--- AVAILABLE DATA Enclosed Below ---
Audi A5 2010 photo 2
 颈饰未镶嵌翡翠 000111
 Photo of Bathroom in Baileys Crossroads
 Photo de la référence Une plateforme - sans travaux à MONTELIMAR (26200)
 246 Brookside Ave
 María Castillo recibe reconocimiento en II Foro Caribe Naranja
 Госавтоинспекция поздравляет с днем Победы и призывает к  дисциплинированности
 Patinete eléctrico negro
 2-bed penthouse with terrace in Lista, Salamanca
--- End of Enclosed AVAILABLE DATA ---
INSTRUCTIONS TO FOLLOW.
Please print exactly the lines from the one containing "颈饰未镶嵌翡翠 000111" through the last line of the records, both included, and nothing else.

REPLY.
 颈饰未镶嵌翡翠 000111
 Photo of Bathroom in Baileys Crossroads
 Photo de la référence Une plateforme - sans travaux à MONTELIMAR (26200)
 246 Brookside Ave
 María Castillo recibe reconocimiento en II Foro Caribe Naranja
 Госавтоинспекция поздравляет с днем Победы и призывает к  дисциплинированности
 Patinete eléctrico negro
 2-bed penthouse with terrace in Lista, Salamanca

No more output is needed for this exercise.